Adam Aron's career has touched just about every segment of leisure travel. He was chairman and CEO of Vail Resorts and held senior marketing positions at United Airlines and Hyatt. He sits on the board of Starwood and Carey International. He was CEO of Norwegian Cruise Line from 1993 to 1996.
Last week, he was onboard the inaugural sailing of the Norwegian Getaway, not as a member of a Norwegian executives alumni club, but rather as a senior operating partner of Apollo Global Management, the private equity firm that is the controlling shareholder of both Norwegian and Prestige Cruise Holdings (which operates Oceania and Regent Seven Seas).
We met in the lounge of the Haven, the private, "gated community" experience Norwegian offers as an upscale ship-within-a-ship. I was curious to get Aron's take on the dynamics that have changed, and continue to change, Norwegian and cruising over the 18 years since he ran the company.
"In 1993, we had what was the longest passenger ship in the world, the S.S. Norway," he began. "She held a little more than 2,000 passengers. If you look at ships being delivered today, they routinely carry well north of 4,000 passengers."
Aron said the scale of the ships impacts the underlying financial fundamentals of cruising and is the primary driver of growth.
"The economies of scale have brought the cost of operating a ship, on a per-passenger basis, down significantly and have kept the base fares relatively low," he said. "The cost of going on a cruise is lower today than 20 years ago. It's been moving in this direction steadily, and that's why cruise passenger traffic has been growing since the 1970s without interruption."
He gestured out to the Haven. "At the same time, the quality of the onboard experience has gone way up."
But not only in the premium cabins, he emphasized. "The size of the ships helps in other ways, too," he continued. "Once people are onboard, there's so much more for you to do and experience.
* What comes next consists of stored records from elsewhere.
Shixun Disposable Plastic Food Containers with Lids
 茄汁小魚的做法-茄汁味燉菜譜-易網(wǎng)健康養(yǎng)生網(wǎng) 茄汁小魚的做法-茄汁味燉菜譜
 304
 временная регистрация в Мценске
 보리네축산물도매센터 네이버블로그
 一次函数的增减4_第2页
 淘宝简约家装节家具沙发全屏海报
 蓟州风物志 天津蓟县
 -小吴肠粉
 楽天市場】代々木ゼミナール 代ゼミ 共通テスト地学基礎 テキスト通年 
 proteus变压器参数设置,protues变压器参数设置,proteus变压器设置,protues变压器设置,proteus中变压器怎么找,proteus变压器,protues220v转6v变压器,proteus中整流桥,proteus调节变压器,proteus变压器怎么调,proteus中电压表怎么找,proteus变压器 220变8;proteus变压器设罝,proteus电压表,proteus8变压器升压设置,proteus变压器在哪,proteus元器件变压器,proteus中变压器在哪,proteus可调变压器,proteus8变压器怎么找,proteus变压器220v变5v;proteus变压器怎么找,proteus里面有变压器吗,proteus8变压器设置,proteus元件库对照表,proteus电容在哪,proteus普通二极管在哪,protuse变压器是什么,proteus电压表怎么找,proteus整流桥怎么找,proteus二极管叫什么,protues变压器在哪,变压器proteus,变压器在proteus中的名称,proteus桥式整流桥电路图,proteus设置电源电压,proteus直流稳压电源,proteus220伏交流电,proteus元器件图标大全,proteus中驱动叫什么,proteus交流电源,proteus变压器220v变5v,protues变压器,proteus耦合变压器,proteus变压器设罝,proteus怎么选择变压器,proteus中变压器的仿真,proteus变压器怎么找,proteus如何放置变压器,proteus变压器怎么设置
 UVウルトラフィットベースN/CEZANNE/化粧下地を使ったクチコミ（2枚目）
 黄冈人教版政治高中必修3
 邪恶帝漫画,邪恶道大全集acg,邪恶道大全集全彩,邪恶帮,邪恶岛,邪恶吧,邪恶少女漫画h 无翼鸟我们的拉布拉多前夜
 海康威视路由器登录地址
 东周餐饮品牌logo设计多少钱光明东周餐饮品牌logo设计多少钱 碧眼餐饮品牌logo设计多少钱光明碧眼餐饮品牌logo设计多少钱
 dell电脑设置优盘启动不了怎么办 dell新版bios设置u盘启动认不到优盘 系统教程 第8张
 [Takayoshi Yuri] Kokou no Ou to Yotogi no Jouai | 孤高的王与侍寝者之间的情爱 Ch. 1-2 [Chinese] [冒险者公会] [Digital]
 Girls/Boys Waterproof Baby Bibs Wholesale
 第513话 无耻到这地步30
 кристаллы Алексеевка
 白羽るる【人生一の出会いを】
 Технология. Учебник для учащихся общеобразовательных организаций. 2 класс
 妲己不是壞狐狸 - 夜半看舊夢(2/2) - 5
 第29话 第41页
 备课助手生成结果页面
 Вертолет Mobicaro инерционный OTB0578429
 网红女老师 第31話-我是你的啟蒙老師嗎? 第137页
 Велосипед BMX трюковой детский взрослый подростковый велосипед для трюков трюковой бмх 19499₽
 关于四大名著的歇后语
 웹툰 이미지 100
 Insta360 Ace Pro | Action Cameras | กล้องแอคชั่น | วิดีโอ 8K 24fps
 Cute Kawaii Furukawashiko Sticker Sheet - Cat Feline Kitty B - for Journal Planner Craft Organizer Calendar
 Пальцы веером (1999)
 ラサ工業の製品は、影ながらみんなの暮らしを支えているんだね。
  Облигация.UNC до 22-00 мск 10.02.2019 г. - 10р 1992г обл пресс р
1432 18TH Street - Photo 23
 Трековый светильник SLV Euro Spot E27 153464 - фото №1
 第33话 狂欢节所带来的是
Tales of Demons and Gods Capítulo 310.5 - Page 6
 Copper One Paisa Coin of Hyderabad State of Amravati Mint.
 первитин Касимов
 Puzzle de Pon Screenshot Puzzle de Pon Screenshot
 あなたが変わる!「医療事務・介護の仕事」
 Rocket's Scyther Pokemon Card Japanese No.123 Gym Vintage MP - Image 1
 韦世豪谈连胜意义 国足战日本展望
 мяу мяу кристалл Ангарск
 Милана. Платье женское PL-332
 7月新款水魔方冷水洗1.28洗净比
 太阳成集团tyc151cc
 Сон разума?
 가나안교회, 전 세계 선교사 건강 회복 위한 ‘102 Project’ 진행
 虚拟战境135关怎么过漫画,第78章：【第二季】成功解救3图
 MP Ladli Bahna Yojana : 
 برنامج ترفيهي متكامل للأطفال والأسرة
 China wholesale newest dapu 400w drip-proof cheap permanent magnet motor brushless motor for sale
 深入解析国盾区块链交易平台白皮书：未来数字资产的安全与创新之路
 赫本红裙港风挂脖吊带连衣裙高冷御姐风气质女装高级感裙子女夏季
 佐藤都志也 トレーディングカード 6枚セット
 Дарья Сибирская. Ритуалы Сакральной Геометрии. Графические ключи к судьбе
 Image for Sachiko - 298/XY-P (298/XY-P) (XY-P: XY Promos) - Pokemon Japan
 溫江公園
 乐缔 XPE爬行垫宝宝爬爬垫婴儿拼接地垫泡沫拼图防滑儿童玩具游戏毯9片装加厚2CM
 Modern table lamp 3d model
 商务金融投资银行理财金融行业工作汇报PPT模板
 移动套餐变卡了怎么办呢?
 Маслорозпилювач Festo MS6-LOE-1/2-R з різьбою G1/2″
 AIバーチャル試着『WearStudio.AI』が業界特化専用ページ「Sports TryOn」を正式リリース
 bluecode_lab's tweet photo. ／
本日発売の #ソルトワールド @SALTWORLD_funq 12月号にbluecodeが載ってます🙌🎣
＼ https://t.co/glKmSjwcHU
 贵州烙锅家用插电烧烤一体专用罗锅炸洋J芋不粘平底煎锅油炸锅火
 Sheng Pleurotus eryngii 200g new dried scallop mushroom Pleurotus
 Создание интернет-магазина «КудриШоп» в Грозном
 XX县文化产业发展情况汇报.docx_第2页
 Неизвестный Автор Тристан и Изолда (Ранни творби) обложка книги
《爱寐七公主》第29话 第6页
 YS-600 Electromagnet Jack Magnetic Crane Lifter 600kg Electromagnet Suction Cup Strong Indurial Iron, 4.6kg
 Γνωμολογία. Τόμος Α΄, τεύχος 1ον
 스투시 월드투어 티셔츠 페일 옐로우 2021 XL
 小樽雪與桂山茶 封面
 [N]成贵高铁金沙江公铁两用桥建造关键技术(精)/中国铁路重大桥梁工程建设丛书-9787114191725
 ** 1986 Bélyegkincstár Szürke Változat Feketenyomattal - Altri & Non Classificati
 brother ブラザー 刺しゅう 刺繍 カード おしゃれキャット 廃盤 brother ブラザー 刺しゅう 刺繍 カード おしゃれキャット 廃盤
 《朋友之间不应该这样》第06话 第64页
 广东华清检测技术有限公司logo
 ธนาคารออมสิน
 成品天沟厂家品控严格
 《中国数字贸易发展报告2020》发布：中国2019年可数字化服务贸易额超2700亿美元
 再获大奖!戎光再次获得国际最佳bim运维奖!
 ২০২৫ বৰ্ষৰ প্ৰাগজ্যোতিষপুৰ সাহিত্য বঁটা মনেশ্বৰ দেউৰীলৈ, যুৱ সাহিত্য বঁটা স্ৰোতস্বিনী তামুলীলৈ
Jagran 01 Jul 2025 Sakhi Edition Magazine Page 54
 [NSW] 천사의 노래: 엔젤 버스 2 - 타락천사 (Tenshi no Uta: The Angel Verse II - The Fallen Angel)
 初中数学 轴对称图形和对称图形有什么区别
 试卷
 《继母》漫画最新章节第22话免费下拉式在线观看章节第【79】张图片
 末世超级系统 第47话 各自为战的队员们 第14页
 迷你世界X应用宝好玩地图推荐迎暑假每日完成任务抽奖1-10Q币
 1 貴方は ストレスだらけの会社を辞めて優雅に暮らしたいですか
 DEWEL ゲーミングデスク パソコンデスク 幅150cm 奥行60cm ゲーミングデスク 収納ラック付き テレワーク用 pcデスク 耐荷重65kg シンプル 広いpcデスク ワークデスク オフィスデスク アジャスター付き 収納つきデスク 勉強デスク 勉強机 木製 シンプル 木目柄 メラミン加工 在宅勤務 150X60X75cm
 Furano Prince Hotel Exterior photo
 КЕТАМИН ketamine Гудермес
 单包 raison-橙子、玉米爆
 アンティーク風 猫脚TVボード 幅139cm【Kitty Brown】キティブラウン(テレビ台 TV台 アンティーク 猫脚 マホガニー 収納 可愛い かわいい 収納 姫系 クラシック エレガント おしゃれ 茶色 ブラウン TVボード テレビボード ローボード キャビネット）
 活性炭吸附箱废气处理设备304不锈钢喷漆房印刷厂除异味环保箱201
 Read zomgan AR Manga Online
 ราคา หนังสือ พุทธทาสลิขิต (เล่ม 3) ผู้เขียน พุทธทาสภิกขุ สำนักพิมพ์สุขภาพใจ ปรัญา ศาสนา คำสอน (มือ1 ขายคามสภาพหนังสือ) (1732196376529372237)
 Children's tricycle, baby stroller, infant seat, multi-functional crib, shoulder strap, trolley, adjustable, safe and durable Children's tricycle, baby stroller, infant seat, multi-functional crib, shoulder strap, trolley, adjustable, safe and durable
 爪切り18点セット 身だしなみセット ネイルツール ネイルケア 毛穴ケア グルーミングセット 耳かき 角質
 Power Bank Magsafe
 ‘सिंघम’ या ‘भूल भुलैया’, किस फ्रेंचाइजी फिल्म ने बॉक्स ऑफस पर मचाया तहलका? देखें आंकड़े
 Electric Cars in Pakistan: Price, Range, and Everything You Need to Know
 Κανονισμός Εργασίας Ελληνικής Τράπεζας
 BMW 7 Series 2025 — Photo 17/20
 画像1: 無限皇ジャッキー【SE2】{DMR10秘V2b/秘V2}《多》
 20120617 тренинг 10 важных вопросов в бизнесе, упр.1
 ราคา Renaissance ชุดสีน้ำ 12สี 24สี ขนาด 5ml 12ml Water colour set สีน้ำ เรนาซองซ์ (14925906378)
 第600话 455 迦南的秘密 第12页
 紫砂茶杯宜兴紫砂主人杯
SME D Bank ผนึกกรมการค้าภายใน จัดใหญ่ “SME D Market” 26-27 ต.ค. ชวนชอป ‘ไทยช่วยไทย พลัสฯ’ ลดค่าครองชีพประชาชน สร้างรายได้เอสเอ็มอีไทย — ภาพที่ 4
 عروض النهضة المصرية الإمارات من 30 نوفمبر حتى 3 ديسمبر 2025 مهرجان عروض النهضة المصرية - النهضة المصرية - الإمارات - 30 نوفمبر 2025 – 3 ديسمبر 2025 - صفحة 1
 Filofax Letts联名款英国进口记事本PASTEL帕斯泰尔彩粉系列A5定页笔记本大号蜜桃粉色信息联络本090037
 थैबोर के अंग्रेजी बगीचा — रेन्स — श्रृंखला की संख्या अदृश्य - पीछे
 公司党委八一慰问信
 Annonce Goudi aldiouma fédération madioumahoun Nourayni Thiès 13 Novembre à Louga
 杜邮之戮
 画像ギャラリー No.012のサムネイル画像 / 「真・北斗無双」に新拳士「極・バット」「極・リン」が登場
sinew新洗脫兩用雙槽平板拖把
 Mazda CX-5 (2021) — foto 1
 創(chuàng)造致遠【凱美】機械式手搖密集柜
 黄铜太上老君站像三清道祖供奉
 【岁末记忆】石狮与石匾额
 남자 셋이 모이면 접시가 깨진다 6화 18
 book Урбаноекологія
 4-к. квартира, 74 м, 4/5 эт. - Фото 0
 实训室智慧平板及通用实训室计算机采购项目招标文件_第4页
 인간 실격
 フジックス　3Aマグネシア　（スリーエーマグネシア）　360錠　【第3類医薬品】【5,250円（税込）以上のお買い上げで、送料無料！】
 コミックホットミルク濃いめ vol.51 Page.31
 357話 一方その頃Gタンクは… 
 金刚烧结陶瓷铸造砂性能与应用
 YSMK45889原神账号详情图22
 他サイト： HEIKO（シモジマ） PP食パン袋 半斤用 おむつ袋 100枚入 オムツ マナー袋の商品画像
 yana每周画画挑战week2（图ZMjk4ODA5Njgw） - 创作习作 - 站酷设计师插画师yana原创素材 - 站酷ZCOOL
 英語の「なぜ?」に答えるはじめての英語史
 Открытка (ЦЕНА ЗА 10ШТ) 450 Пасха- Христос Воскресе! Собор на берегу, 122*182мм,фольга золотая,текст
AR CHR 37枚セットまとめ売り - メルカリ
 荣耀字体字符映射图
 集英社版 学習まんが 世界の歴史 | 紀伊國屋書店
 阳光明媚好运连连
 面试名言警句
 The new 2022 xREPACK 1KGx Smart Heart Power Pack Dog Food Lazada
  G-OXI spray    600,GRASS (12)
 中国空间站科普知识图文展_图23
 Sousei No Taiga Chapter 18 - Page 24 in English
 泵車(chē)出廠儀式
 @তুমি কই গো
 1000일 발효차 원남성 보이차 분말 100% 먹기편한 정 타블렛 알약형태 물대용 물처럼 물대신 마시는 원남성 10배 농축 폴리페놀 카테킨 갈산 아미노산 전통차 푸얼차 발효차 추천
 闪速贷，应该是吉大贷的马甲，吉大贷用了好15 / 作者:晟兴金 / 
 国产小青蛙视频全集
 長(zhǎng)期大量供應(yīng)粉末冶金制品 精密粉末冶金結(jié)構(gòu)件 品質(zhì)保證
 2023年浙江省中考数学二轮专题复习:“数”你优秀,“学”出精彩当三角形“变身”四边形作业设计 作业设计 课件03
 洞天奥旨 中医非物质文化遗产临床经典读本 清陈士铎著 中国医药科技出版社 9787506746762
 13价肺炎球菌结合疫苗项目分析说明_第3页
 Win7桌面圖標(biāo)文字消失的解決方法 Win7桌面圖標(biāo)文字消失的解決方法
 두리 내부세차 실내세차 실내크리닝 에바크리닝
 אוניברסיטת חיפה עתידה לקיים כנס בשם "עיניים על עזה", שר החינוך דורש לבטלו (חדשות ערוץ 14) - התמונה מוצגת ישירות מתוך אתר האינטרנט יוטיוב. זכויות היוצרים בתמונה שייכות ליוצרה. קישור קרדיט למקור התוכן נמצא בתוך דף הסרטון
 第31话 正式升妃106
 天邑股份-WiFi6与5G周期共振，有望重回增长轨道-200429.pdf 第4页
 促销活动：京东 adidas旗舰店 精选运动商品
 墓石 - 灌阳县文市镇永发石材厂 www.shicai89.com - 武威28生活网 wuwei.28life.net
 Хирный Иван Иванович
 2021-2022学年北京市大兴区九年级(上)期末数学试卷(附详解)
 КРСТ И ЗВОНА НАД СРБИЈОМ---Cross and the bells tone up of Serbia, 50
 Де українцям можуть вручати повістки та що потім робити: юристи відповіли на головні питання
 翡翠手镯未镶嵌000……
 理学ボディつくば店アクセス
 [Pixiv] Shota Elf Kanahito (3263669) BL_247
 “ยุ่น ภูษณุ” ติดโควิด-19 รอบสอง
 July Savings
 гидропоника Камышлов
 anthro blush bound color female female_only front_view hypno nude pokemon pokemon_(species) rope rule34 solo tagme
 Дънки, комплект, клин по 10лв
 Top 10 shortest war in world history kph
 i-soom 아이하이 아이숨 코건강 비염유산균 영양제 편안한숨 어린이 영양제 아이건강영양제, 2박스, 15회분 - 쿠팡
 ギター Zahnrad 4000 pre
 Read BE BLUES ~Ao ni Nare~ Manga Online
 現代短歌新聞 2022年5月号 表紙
If you look at any line, the array of activities and amenities at your fingertips at any hour is mindboggling. We have 26 restaurants on this ship. And room service. The cruise industry has come a long way from one or two dining rooms with two seatings per night.
"And look at the size of the spa and the activities onboard: water slides, rope courses, rock walls. You would be hard pressed to experience everything once in the course of a seven-day cruise."
I asked Aron if he ever wished he were CEO at this point, when technology and scale enable lower costs and greater diversity of experience.
He didn't hesitate: "No, I'm more than delighted to be consigliere. But I come onboard today with an immense amount of pride. This line has come a long way. The quality of the ships has improved so dramatically, and the food and service onboard have become a real strength. Financially, it's solid as a rock. These are not exactly the things you would have said about NCL 30 years ago."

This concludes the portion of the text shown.